When we look closely, we see that there is more faith in us than we knew. I have learned to admire the faith that keeps praying when countless prayers already seem unanswered; the faith that still loves and teaches when it doesn’t seem to be doing any good; the faith that gets up in the morning, when there is little hope that today will be better than yesterday; the faith that comes humbly to the sacrament table, week after week, year after year, when the bad habits we would break seem instead to be breaking us, and when the godly virtues we seek still hover beyond our reach (though others around us seem able to grasp them); the faith that keeps believing in and laboring to serve a loving Father in Heaven, when philosophies and events argue so relentlessly that no such being exists.
Good cheer itself is an act of faith, in times which give us cause to abandon it – and does anyone even remember times which gave no such cause? Even kindness is an act of faith, when kindness and human decency seem undervalued, and when practicing them seems to place us at a disadvantage.
On a particularly good day, our faith may resemble Nephi’s. He didn’t know the meaning of all things, he once said, but he knew that “[God] loveth his children” (1 Nephi 11:17). One can build great faith – great trust – on such a foundation, but sometimes we’re not even sure of that. Then we blame ourselves for doubting. But blaming ourselves is usually unjust.
We don’t blame the Savior for crying out, “My God, my God, why hast thou forsaken me?” (Matthew 27:46; Mark 15:34; Psalm 22:1). We know that there was purpose in his infinite aloneness. Likewise, there is purpose in our frequent inability to see the light. We are here, said Brigham Young, to learn to be righteous in the dark.

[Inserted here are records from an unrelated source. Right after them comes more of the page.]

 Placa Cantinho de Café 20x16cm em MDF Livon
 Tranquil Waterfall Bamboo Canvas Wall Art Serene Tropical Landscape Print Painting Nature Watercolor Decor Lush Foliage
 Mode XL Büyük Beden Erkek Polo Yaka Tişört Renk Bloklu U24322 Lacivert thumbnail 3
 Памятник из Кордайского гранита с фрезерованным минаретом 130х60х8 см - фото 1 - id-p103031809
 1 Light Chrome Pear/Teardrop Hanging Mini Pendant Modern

To paraphrase C. S. Lewis, the Savior never wins a greater victory than when a person looks around at a universe from which all trace of God seems to have vanished, asks why she has been forsaken, and obeys anyway. (See The Screwtape Letters, Ch. 8.)
Or believes anyway, we might say. Or hopes or serves or prays or smiles anyway. Or gets out of bed anyway.
Someday we will look back and see that, when we thought we were alone, abandoned by a vengeful or indifferent God to troubles which were tearing us apart, the Father and Son in fact were always there, protecting us, holding us together, and guiding us homeward, step by faltering step.
Therefore, in darkness we walk by faith. We move toward the light we remember or the light we hope is there, clinging to God’s promises: “Mine angels [will be] round about you, to bear you up” (D&C 84:88). “Fear thou not; for I am with thee: . . . I will strengthen thee, yea, I will help thee” (Isaiah 41:10).
When the darkness seems endless, and we feel that he must have meant someone else when he made those promises – perhaps another branch of the family, or maybe the neighbors? – when memory fails us, becoming unreliable or seeming unreal; when pain or sorrow or guilt or exhaustion overwhelms our hope – still we crawl toward the light our faith tells us must be there.
Because the faith we no longer detect in ourselves is not so easily quenched. There is more faith in us than we know.
Because he has placed a spark of himself in us, and light seeks greater light. Light seeks him.
Because he himself, the Light, is always there, more certain than the dawn.
Because he said, “[I will] not forget thee. . . . I have graven thee upon the palms of my hands” (Isaiah 49:16; 1 Nephi 21:16).”
Because even through our deepest darkness, the Light we cannot see will see us safely home.